Crise politique en Allemagne
Un ministre de l’Agriculture insulté, des gibets dressés menaçant le gouvernement, un cortège de tracteurs à Berlin: telles sont les scènes qui ont marqué les deux semaines écoulées en Allemagne. Le pays entre dans une crise politique dont une des dimensions est le mécontentement des agricultrices et des agriculteurs qui annoncent des manifestations monstres pour la semaine du 8 janvier 2024.
La décision des juges constitutionnel·les de supprimer un fonds spécial de 60 milliards d’euros permettant de contourner l’obligation du frein à l’endettement est à l’origine de ces manifestations. Cette décision, intervenue en novembre, oblige le gouvernement de coalition à revoir son budget 2024 et à prendre des mesures d’économies. Deux des mesures envisagées sont la suppression de l’exonération de l’impôt sur les véhicules et la suppression d’une réduction de la taxe sur les carburants dont bénéficient les exploitations agricoles. Cela provoque la colère du Bauernverband, l’organisation professionnelle hégémonique, qui a organisé un impressionnant défilé de tracteurs à Berlin, le 18 décembre dernier, et de nombreuses actions du même genre dans tout le pays.
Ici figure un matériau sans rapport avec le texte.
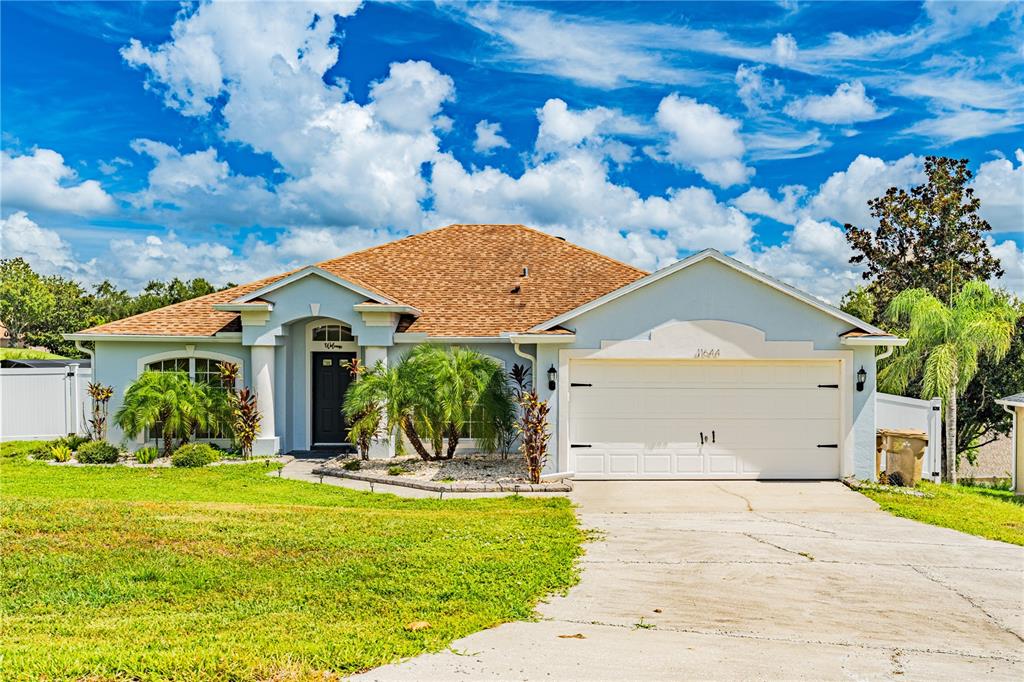 a front view of house with yard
Ces deux mesures sont une bagatelle: elles représentent une somme totale de 920 millions d’euros, soit 3600 euros en moyenne pour chacune des 254 000 exploitations agricoles allemandes. Face à ce montant somme toute modeste, ces défilés de tracteurs dans lesquels chaque véhicule vaut, neuf, un minimum de 200 000 euros montrent bien que ce qui se joue n’a rien à voir avec la suppression de ces deux avantages fiscaux. Le gouvernement serait d’ailleurs, au moment où cette chronique est rédigée, sur le point de reculer. Le ministère de l’Agriculture, Cem Özdemir, pourtant écologiste, s’étant désolidarisé de ces mesures d’économie selon un article de la taz du 23 décembre.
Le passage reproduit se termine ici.